The pizza delivery chain struggled to generate positive same-store sales last quarter, but it still led a sector that is having a tough time in an unfavorable restaurant market.
Domino's
Domino's is generating more carryout sales and fewer delivery sales. | Photo courtesy of Domino's Pizza.

Domino’s Pizza mostly stumbled at the close of 2024. Same-store sales rose just 0.4%, a clear slowdown from the pace the brand had set throughout the year, the company reported on Monday. 

Per-store cash flow was $162,000, well below the company’s own stated expectations, as the company pushed more value in a bid to convince reluctant customers to order more pizzas.
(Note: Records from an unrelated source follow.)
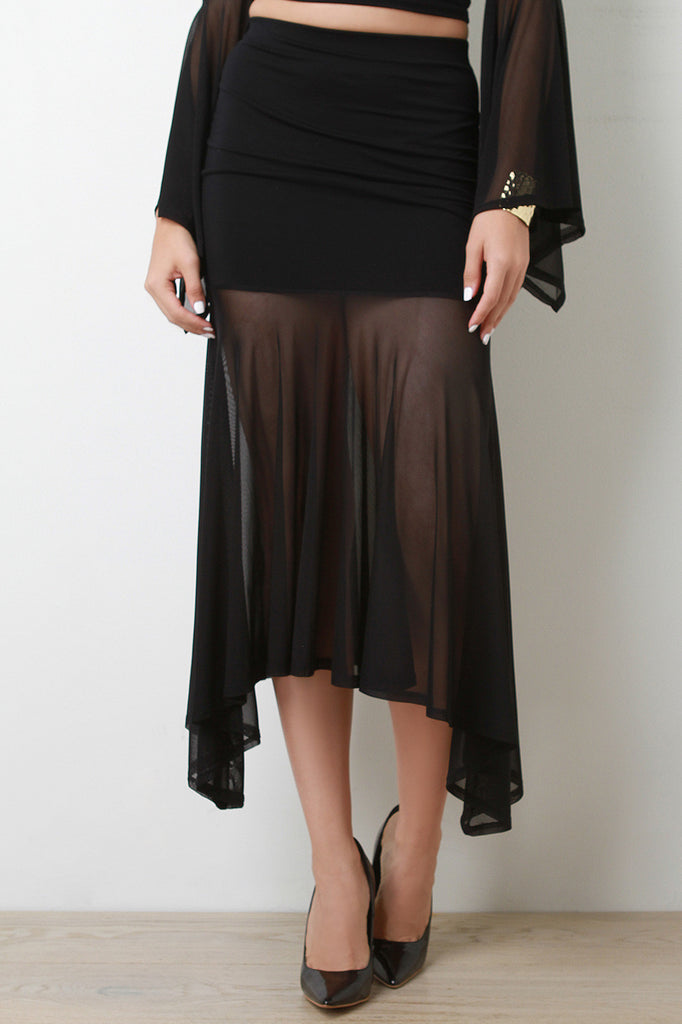 Semi Sheer Maxi Fit And Flare Skirt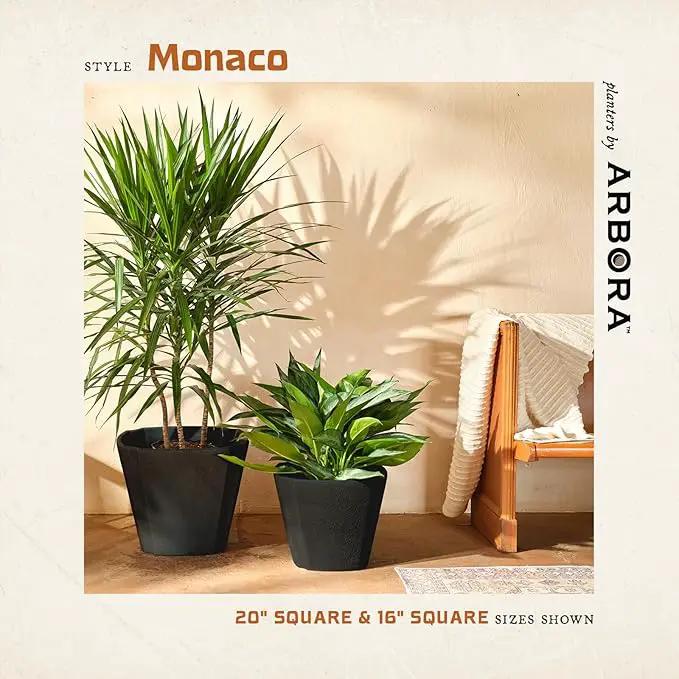 ARBORA 20" Monaco Square Polyresin Indoor and Outdoor Planter with Classic Black Finish - Durable, Weatherproof, Lightweight, Large Plant Pot for Patio, Garden, Deck, Entryway by GreenHaven Gardens
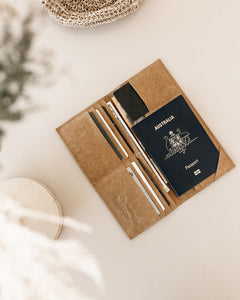Travel Wallet in brown from Northern Olive holding passport, cards and money.  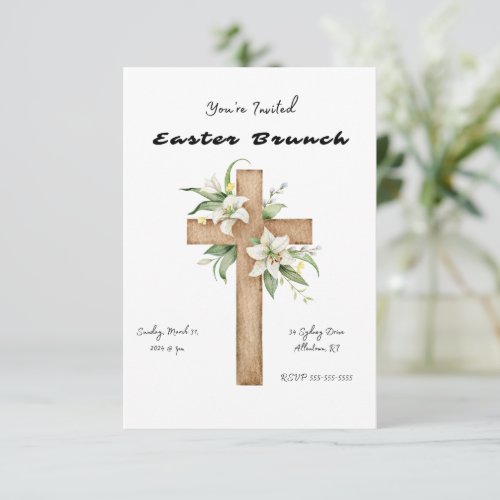 Easter Resurrection Cross and White Lilies Graphic Invitation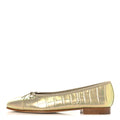 Iridescent Calfskin Crocodile Embossed Ballerina Flats 38 Yellow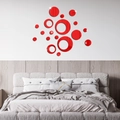 Pegatinas de pared de círculos de espejo acrílico rojo moderno para salón y dormitorio - Rojo (JM3251)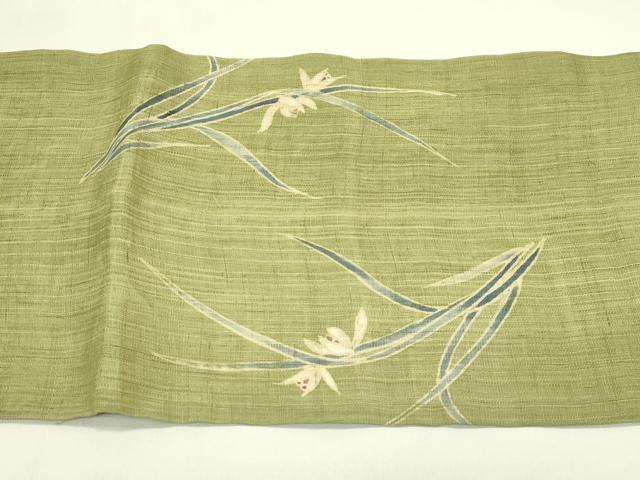 平和屋着物*夏物 九寸開き名古屋帯 手描き 草花文 麻 逸品 CABI5471rv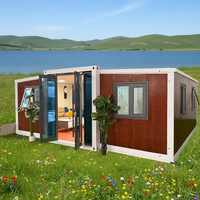 Maison de ferme préfabriquée moderne extensible de 20 pieds avec véranda, caractéristique étanche, pour villas et chambres, isolation écologique en acier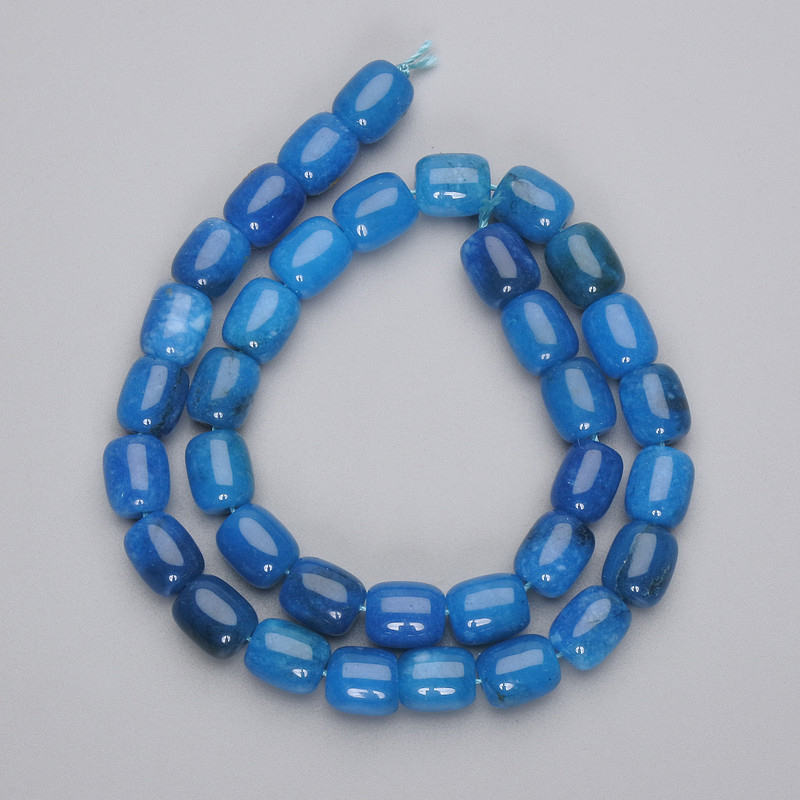 Koraliki apatytu baryłkowe, średnica 10×8 mm, 5 mm ± na nici, długość 37 cm+
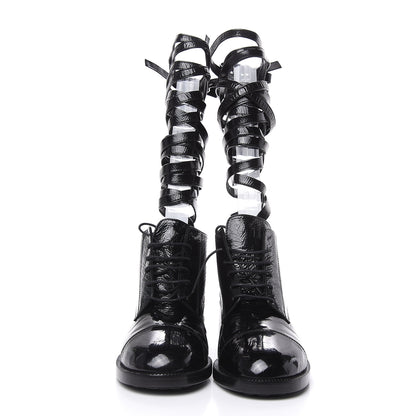 Chanel Crumpled Calfskin Lace Up Short Boots 41 Black 2 of 7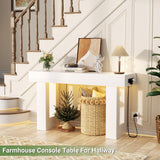 47" Entryway Table with Socket and Sensor Light, Narrow Console Table with Storage Behind Couch, Farmhouse Entry Way Tables with Open Storage for Entrance/Hallway/Living Room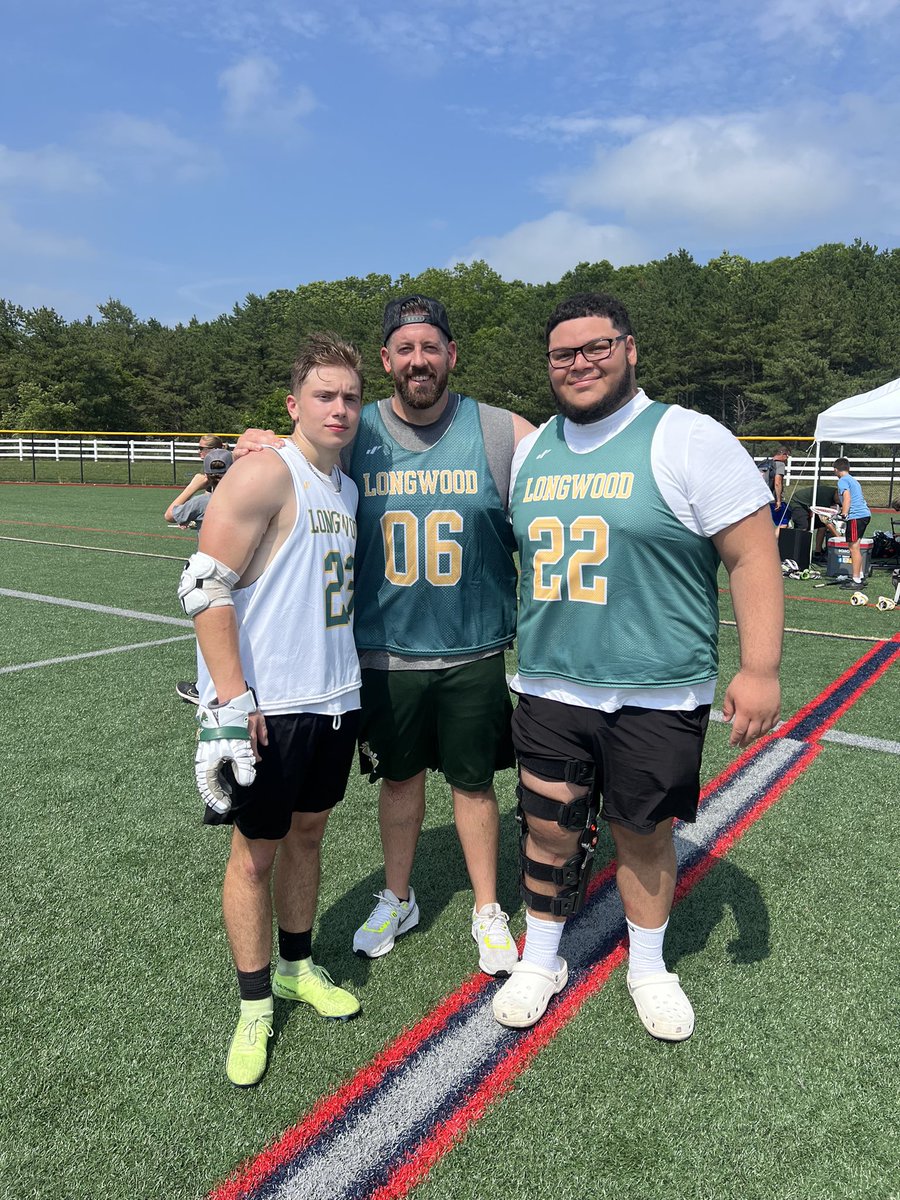 Coach_Kluber's tweet photo. Real cool experience playing in the Longwood Lacrosse alumni game w/2 of my former players-longsnapper Nick Miltenberger‘23 (will play Lax at Elms College)&amp;former guard Anthony Herrera (Center at Alfred Univ.).

Had a blast seeing some old friends-can’t wait for next year! https://t.co/e56t2RgWp9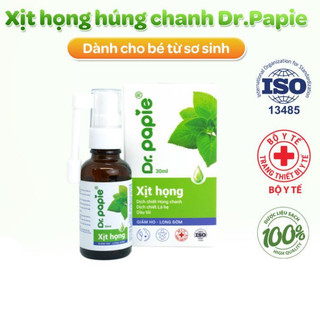 Xịt họng húng chanh Dr.Papie hỗ trợ giả.m h.o, tăng s.ứ.c đ.ề khá.ng đường h.ô hấ.p 30ml/chai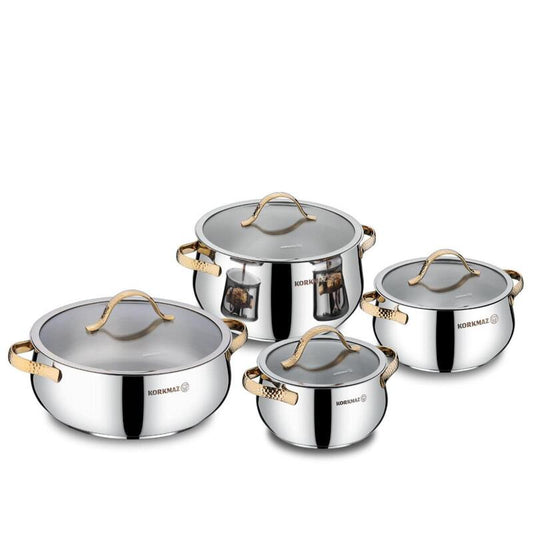 Korkmaz Samara Stainless Steel Cookware Set 8-Piece – Induction Compatible, Durable Cooking Pot Set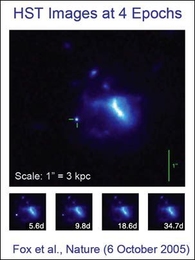 Image taken by the Hubble Space Telescope of a short gamma-ray burst burst discovered by an MIT team using NASA's High Energy Transient Explorer satellite.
In short, weak sales and more value orders hurt store profitability.

Yet the brand was nevertheless able to boast that it gained market share, which says as much as you need about the sector in which Domino’s operates. 

“The macro environment, plus the competitive pressures really started weighing on sales, and then profits as well with the promotional intensity that was building,” CFO Sandeep Reddy told analysts. “However, the important thing, and this was really critical, we grew about a point of market share in the year.” 

Domino’s also provided little in the way of hope that things will change this year, suggesting that the consumer pressures that dominated 2024 and hurt the chain’s sales and profits will persist into 2025. 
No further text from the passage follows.